§ Required work: In the entries below, spot each line with the word "Black" and copy it.

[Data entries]
◆ ◆ ◆ ◆ ◆ ◆ ◆
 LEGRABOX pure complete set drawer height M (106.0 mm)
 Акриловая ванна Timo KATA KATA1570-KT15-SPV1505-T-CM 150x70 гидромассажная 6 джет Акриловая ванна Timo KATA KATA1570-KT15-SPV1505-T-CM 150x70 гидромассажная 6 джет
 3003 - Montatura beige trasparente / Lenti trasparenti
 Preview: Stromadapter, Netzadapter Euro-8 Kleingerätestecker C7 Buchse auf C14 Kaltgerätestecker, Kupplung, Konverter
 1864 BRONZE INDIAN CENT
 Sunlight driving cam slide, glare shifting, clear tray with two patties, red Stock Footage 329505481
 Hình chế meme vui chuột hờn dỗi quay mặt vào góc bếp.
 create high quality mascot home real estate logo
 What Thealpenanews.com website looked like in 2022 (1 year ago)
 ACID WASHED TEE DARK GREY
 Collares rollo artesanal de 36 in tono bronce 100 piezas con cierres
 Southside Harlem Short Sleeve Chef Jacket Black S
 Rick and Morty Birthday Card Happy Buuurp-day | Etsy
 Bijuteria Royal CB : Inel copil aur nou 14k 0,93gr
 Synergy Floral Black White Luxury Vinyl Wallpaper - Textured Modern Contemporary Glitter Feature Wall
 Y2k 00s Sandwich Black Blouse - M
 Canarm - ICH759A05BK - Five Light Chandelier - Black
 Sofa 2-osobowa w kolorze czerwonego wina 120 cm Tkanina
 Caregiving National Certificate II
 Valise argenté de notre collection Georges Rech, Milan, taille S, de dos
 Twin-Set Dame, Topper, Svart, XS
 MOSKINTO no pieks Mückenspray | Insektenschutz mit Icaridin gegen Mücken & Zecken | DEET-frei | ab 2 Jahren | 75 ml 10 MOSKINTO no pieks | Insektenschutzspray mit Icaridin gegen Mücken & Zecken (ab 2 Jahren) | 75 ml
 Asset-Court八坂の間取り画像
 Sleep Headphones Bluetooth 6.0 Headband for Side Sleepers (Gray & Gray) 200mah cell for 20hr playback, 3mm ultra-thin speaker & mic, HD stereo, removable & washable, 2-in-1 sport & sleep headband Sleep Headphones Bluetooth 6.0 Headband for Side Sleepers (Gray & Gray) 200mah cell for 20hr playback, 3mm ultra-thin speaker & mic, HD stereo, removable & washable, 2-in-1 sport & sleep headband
◆ ◆ ◆ ◆ ◆ ◆ ◆
§ Solution below:
 Southside Harlem Short Sleeve Chef Jacket Black S
 Synergy Floral Black White Luxury Vinyl Wallpaper - Textured Modern Contemporary Glitter Feature Wall
 Y2k 00s Sandwich Black Blouse - M
 Canarm - ICH759A05BK - Five Light Chandelier - Black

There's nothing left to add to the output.